### About this task
Nothing but a verbatim copy of the data, minus the images, should be returned.

### Extracted information
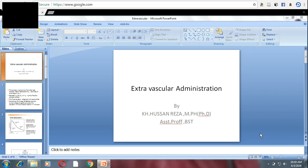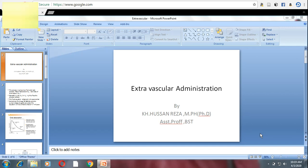Welcome students to this new discussion on extravascular administration. Out of the various routes of administration, we broadly classify our discussions into intravenous (IV) and extravascular administration. Today our discussion will be based on the basics and kinetics of extravascular administration, followed by its pharmacokinetic equations.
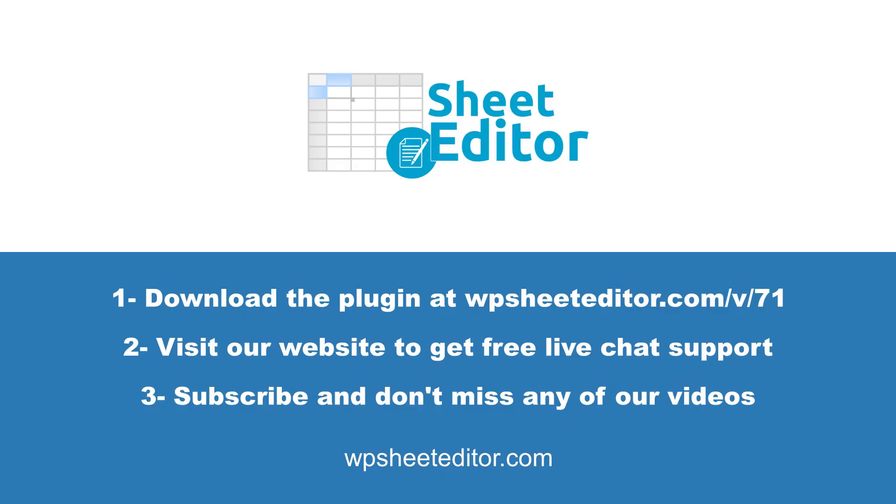Download WP Sheet Editor using the link in the description and visit our website to get free live chat support. Subscribe to our YouTube channel for more tutorials.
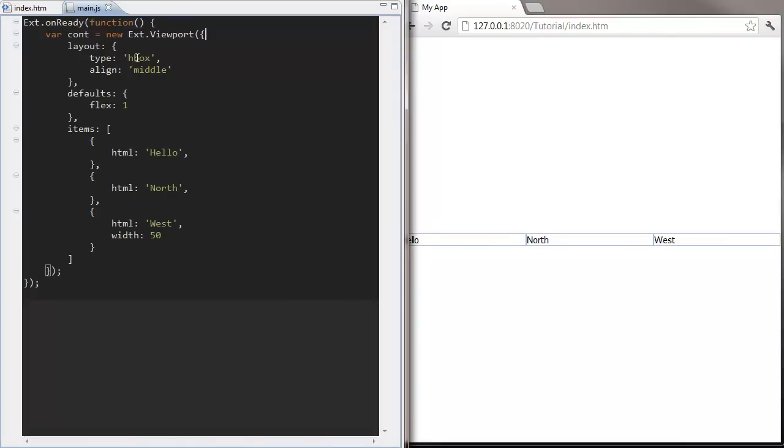We can also nest containers easily. Let's move our HBox layout container inside a border layout container.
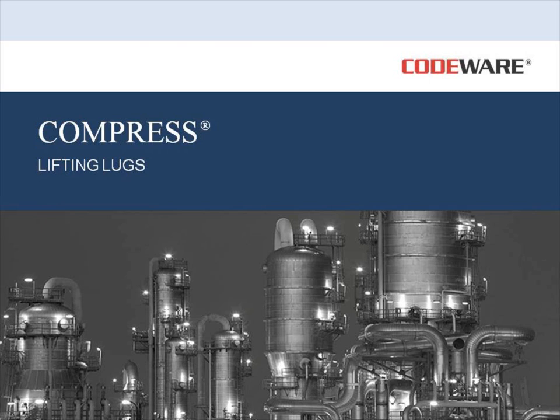Welcome to this short video highlighting the lifting lug feature in Compress. Today I want to go over the different types of lifting lugs that are available to you in the program. So let's get started.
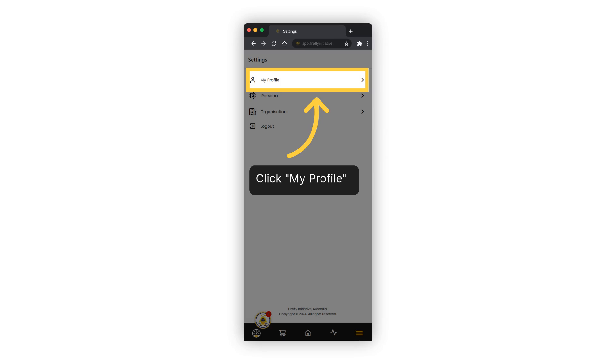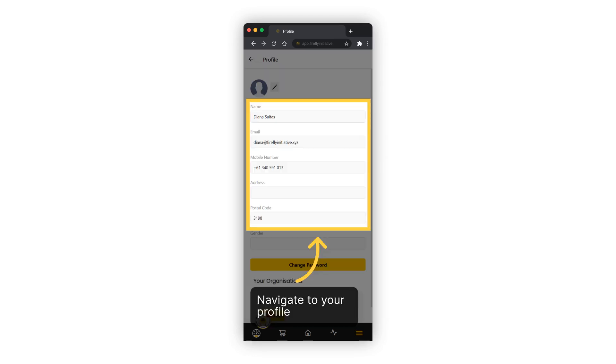Access the profile settings by clicking on my profile. Navigate to your profile section.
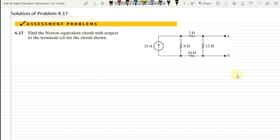Hello again. This is assessment problem 4.17, and in this question we have to find the Norton's equivalent circuit with respect to terminals A and B. We will follow the same steps as in finding the Thevenin equivalent circuit, but after finding the Thevenin equivalent we will transform the voltage source into a current source — that circuit would be the Norton's equivalent circuit. There is not much difference between the Norton and the Thevenin equivalent circuit.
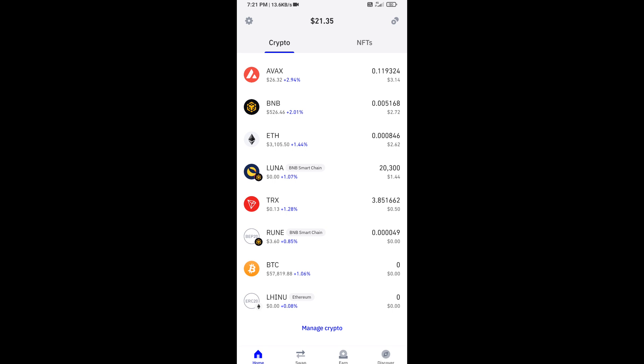Now you can see this token has been added successfully on Trust Wallet. Again, disclaimer: do your own research before approving the transaction. Thanks for watching.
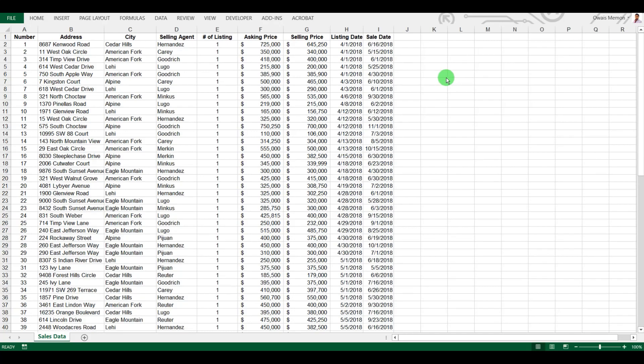Hello everyone, hope you are doing well. I welcome you all in this new lecture where we're going to learn how to use SUMIF and AVERAGEIF functions — how we can extract information from a particular address, city, or sales agent, and how we can combine SUM, SUMIF, AVERAGE, and AVERAGEIF.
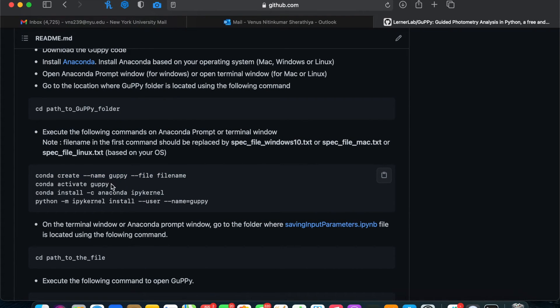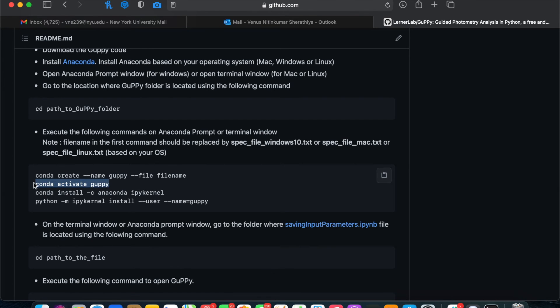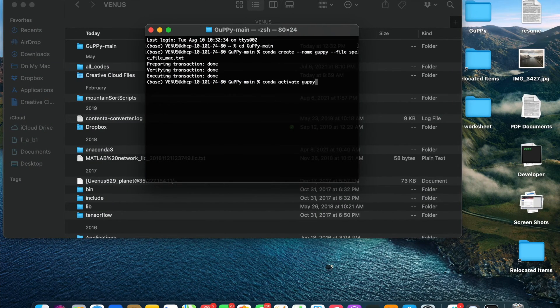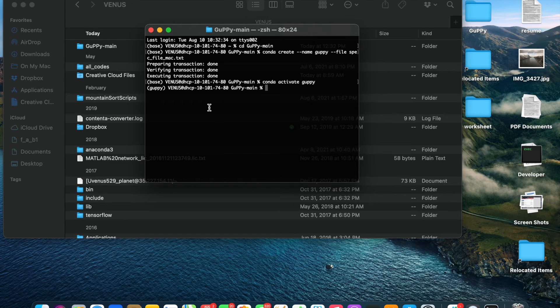Once that's done, follow the next steps to install the appropriate packages for this environment.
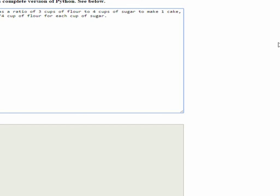Our first variable, so we'll say F will equal the number of cups of flour. And we're going to assign F the value of three. F equals three.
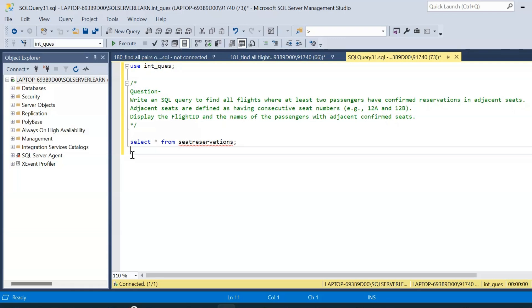Hey there and welcome to a new video. In today's video we will solve a complex SQL interview question. The question is to write a SQL query to find all flights where at least two passengers have confirmed reservations in adjacent seats. Adjacent seats are defined as having consecutive seat numbers, for example 12A and 12B. In the final result we have to display the flight ID and the names of passengers with adjacent confirmed seats.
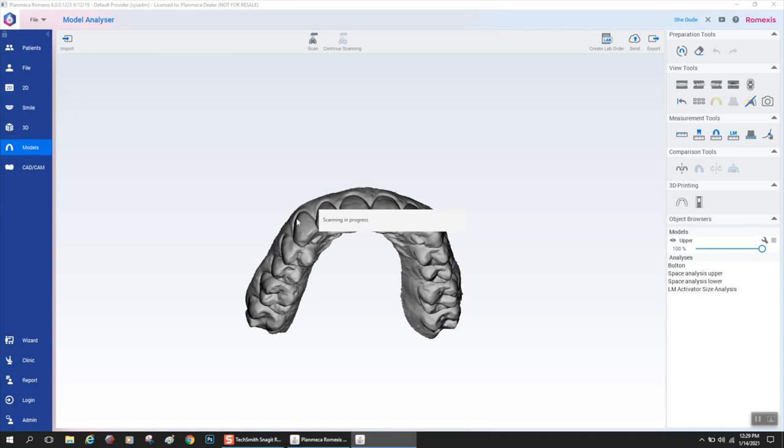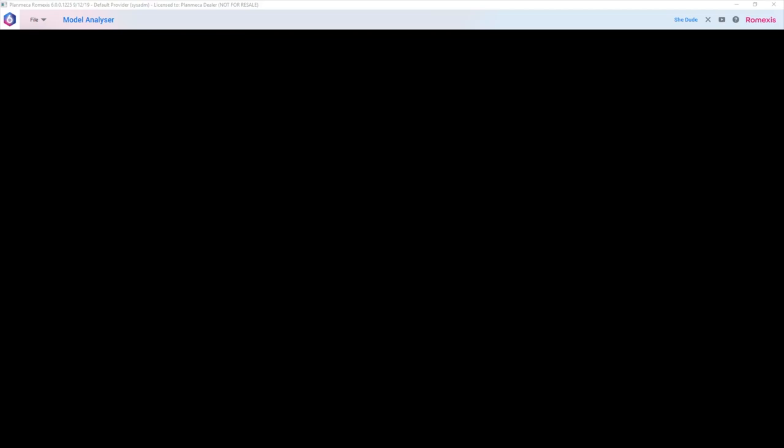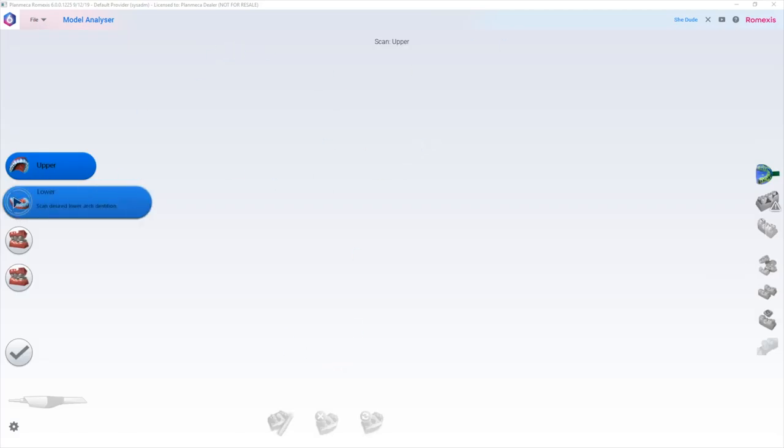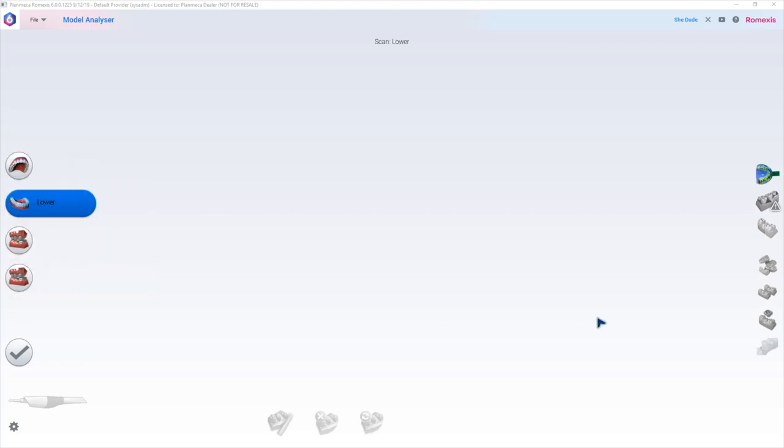The other thing you could do is scan natively in the model analyzer software. This is particularly important for orthodontists who don't do anything with crown and bridge and don't want to click a tooth and select the shade and material. They just want to go right into scanning. By clicking scan in model analyzer, it will open up the scan tab instantly and you could go right to scanning.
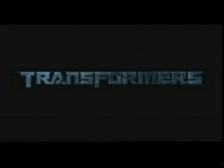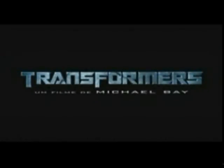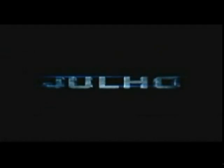Transformers, a film by Michael Bay, in July.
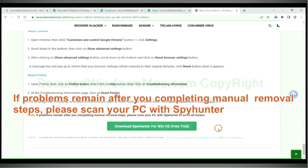If problems remain after completing manual removal steps, please scan your PC with SpyHunter.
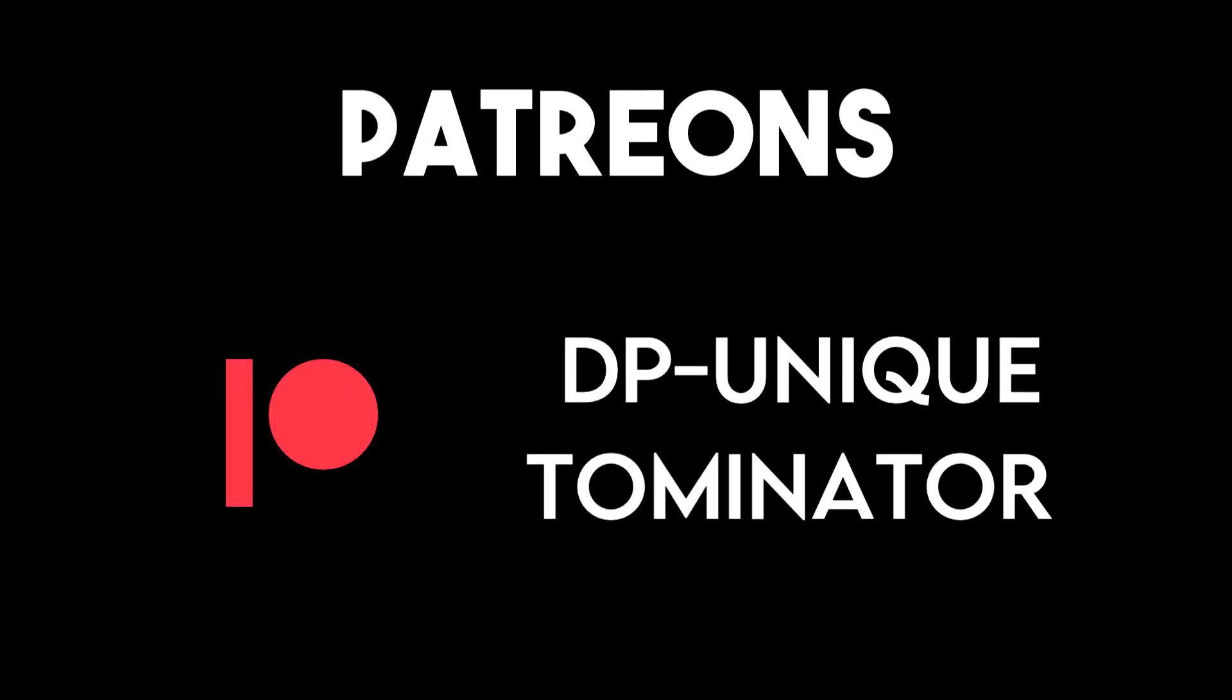This video was made possible by my awesome Patreons DP Unique and Dominator. Thank you for your continued support. I have a C# Masterclass Udemy course coming up soon, so make sure you're subscribed to the channel and join the Discord server for exclusive discounts and promotions.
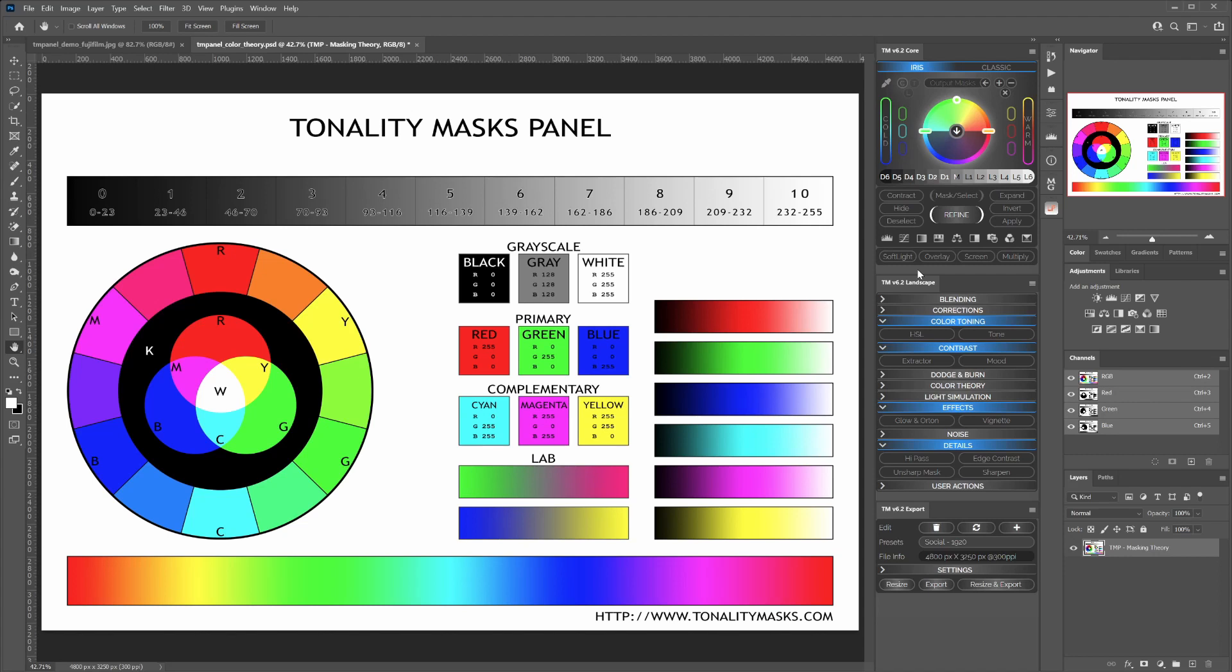The Tonality Masks panel is made of three different modules. Every module has its own functionalities and responds to specific needs for the photographer.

### Solution to this problem
Welcome students to this new discussion on extravascular administration. Out of the various routes of administration, we broadly classify our discussions into intravenous (IV) and extravascular administration. Today our discussion will be based on the basics and kinetics of extravascular administration, followed by its pharmacokinetic equations.
Download WP Sheet Editor using the link in the description and visit our website to get free live chat support. Subscribe to our YouTube channel for more tutorials.
We can also nest containers easily. Let's move our HBox layout container inside a border layout container.
Welcome to this short video highlighting the lifting lug feature in Compress. Today I want to go over the different types of lifting lugs that are available to you in the program. So let's get started.
Access the profile settings by clicking on my profile. Navigate to your profile section.
Hello again. This is assessment problem 4.17, and in this question we have to find the Norton's equivalent circuit with respect to terminals A and B. We will follow the same steps as in finding the Thevenin equivalent circuit, but after finding the Thevenin equivalent we will transform the voltage source into a current source — that circuit would be the Norton's equivalent circuit. There is not much difference between the Norton and the Thevenin equivalent circuit.
Now you can see this token has been added successfully on Trust Wallet. Again, disclaimer: do your own research before approving the transaction. Thanks for watching.
Hello everyone, hope you are doing well. I welcome you all in this new lecture where we're going to learn how to use SUMIF and AVERAGEIF functions — how we can extract information from a particular address, city, or sales agent, and how we can combine SUM, SUMIF, AVERAGE, and AVERAGEIF.
Once that's done, follow the next steps to install the appropriate packages for this environment.
Our first variable, so we'll say F will equal the number of cups of flour. And we're going to assign F the value of three. F equals three.
Hey there and welcome to a new video. In today's video we will solve a complex SQL interview question. The question is to write a SQL query to find all flights where at least two passengers have confirmed reservations in adjacent seats. Adjacent seats are defined as having consecutive seat numbers, for example 12A and 12B. In the final result we have to display the flight ID and the names of passengers with adjacent confirmed seats.
The other thing you could do is scan natively in the model analyzer software. This is particularly important for orthodontists who don't do anything with crown and bridge and don't want to click a tooth and select the shade and material. They just want to go right into scanning. By clicking scan in model analyzer, it will open up the scan tab instantly and you could go right to scanning.
Transformers, a film by Michael Bay, in July.
If problems remain after completing manual removal steps, please scan your PC with SpyHunter.
This video was made possible by my awesome Patreons DP Unique and Dominator. Thank you for your continued support. I have a C# Masterclass Udemy course coming up soon, so make sure you're subscribed to the channel and join the Discord server for exclusive discounts and promotions.
The Tonality Masks panel is made of three different modules. Every module has its own functionalities and responds to specific needs for the photographer.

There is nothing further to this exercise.